Start of Stored data

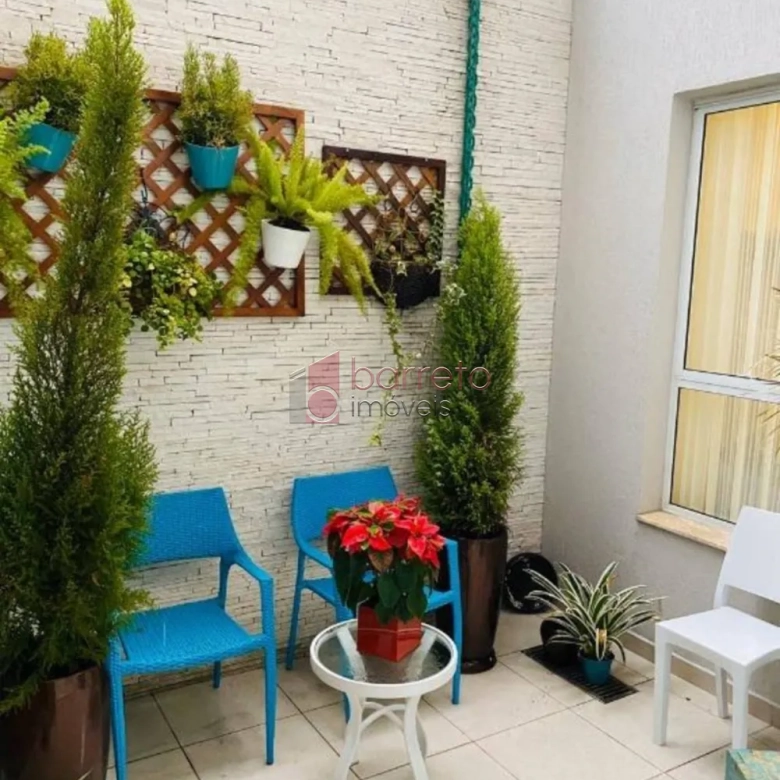 CASA PARA VENDA NO JARDIM SANTA GERTUDRES – JUNDIAÍ/SP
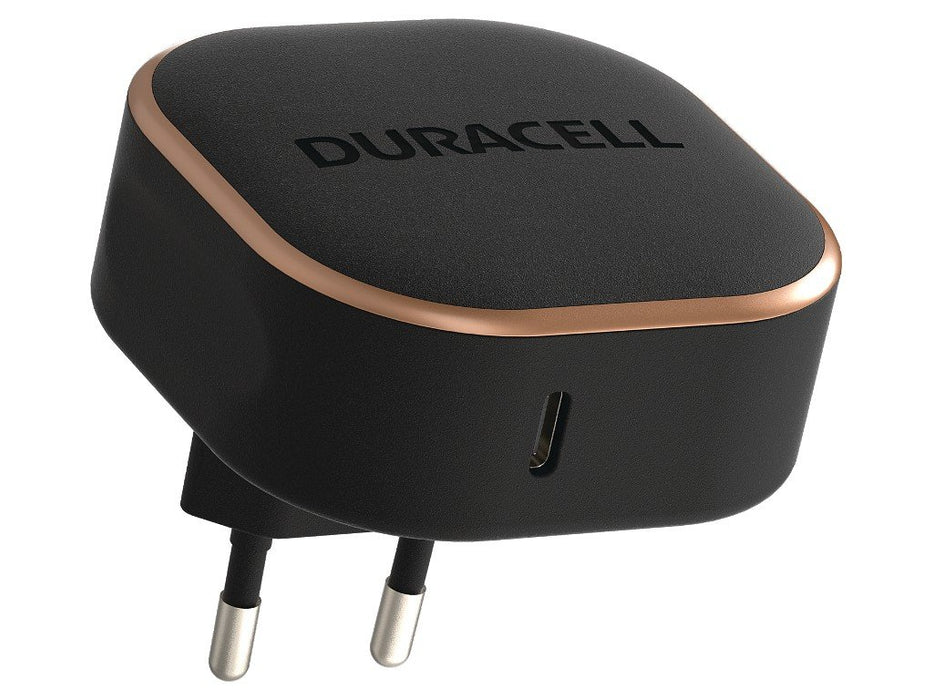 EAN 5056304310210 - Duracell DRACUSB18-EU cargador de dispositivo móvil Negro imagen 2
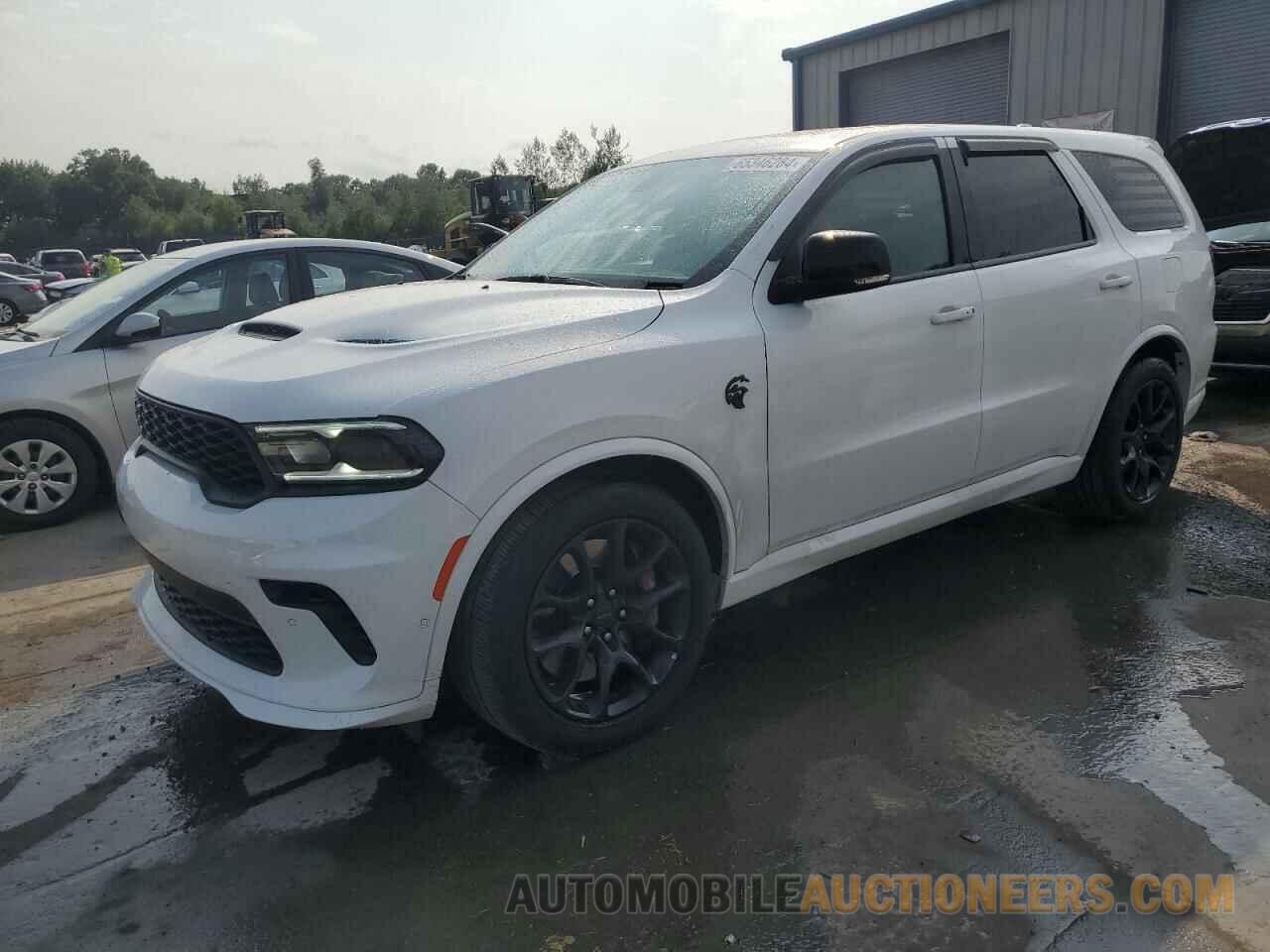 1C4SDJH92MC741003 DODGE DURANGO 2021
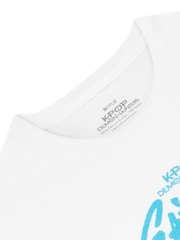 Character KPop Demon Hunters Saja T-Shirt - Imaginea 9 din 10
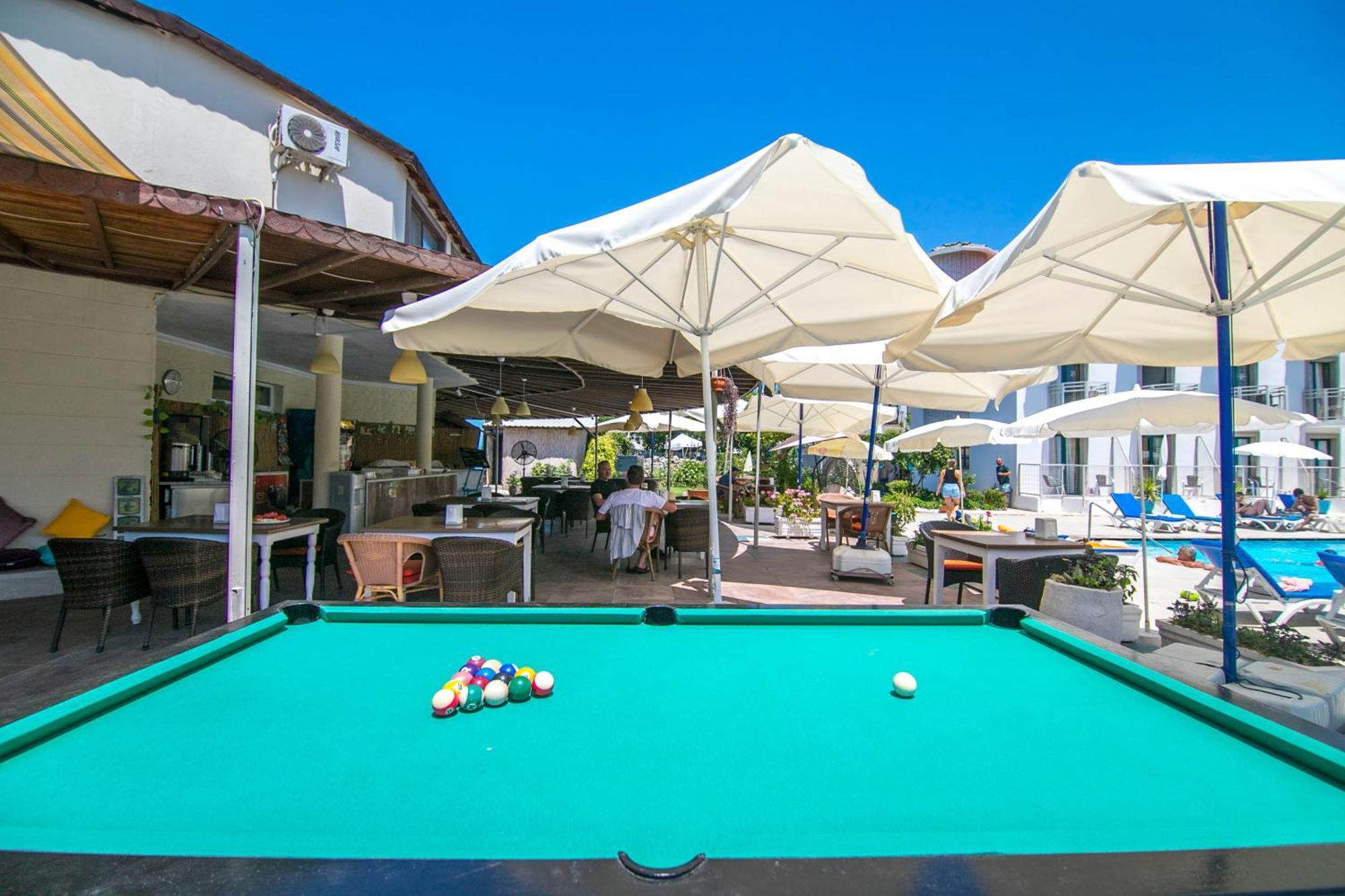 Bahar Hotels (Adults Only) Fethiye Kültér fotó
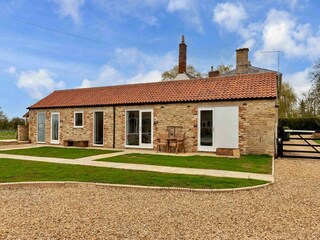 Vakantiehuis Stamford Buitenaudio-opname 3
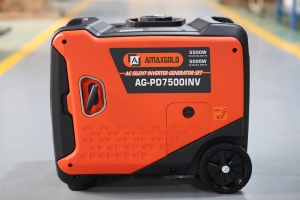 Máy Phát Điện 5Kw Inverter Amaxgold AG-PD7500INV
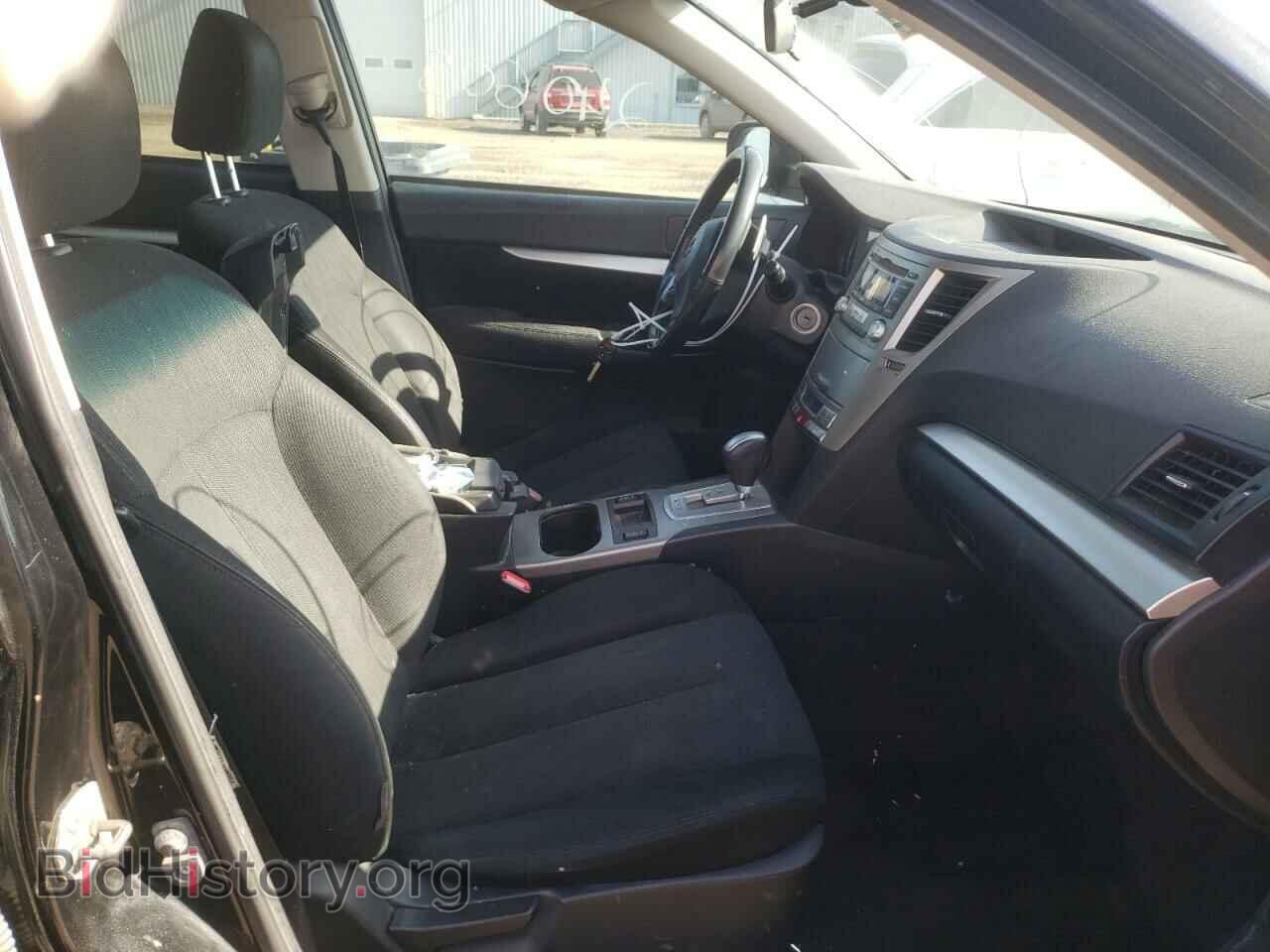 2013 SUBARU OUTBACK - VIN: 4S4BRGGC0D3208337 - Фото 5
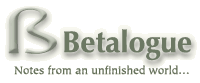 Betalogue Logo
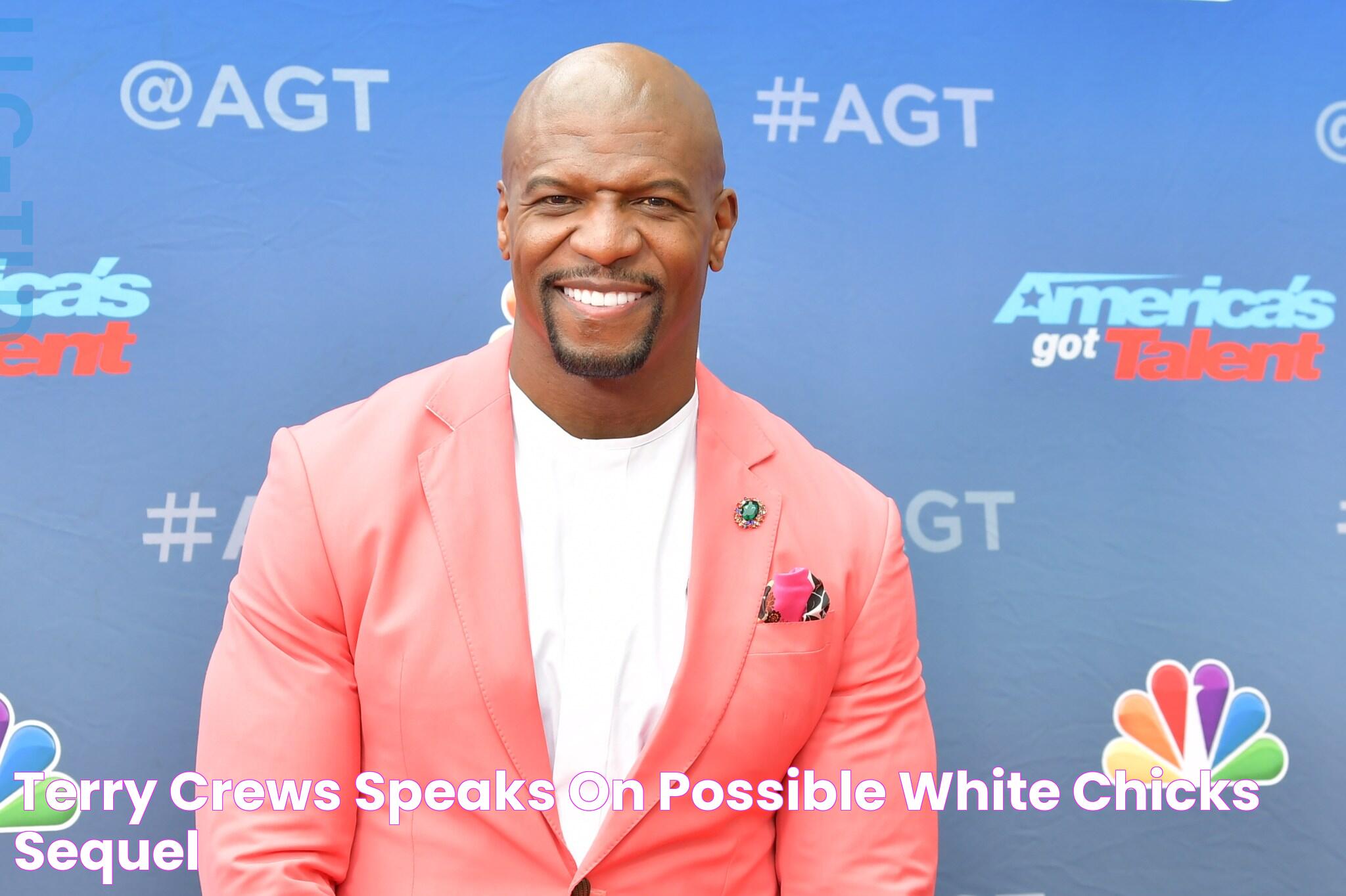 Terry Crews Speaks On Possible ‘White Chicks’ Sequel﻿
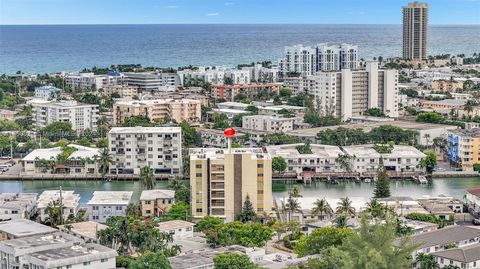 A home in Miami Beach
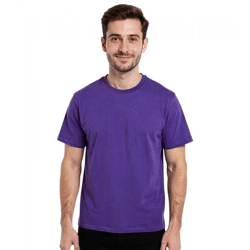 European League Of Football Blanko T-Shirts acai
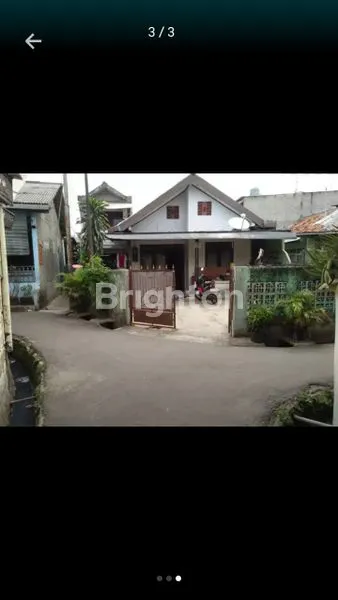 image RUMAH MANGGARAI  TEBET JAKARTA SELATAN DEKAT MALL KOTA CASABLANCA COCOK DI BANGUN KOSAN (1)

End of Stored data

:: Work order ::
Output all the material verbatim, skipping every image.

:: Answer below ::
 CASA PARA VENDA NO JARDIM SANTA GERTUDRES – JUNDIAÍ/SP
 EAN 5056304310210 - Duracell DRACUSB18-EU cargador de dispositivo móvil Negro imagen 2
 1C4SDJH92MC741003 DODGE DURANGO 2021
 Character KPop Demon Hunters Saja T-Shirt - Imaginea 9 din 10
 Bahar Hotels (Adults Only) Fethiye Kültér fotó
 Vakantiehuis Stamford Buitenaudio-opname 3
 Máy Phát Điện 5Kw Inverter Amaxgold AG-PD7500INV
 2013 SUBARU OUTBACK - VIN: 4S4BRGGC0D3208337 - Фото 5
 Betalogue Logo
 Terry Crews Speaks On Possible ‘White Chicks’ Sequel﻿
 A home in Miami Beach
 European League Of Football Blanko T-Shirts acai
 image RUMAH MANGGARAI  TEBET JAKARTA SELATAN DEKAT MALL KOTA CASABLANCA COCOK DI BANGUN KOSAN (1)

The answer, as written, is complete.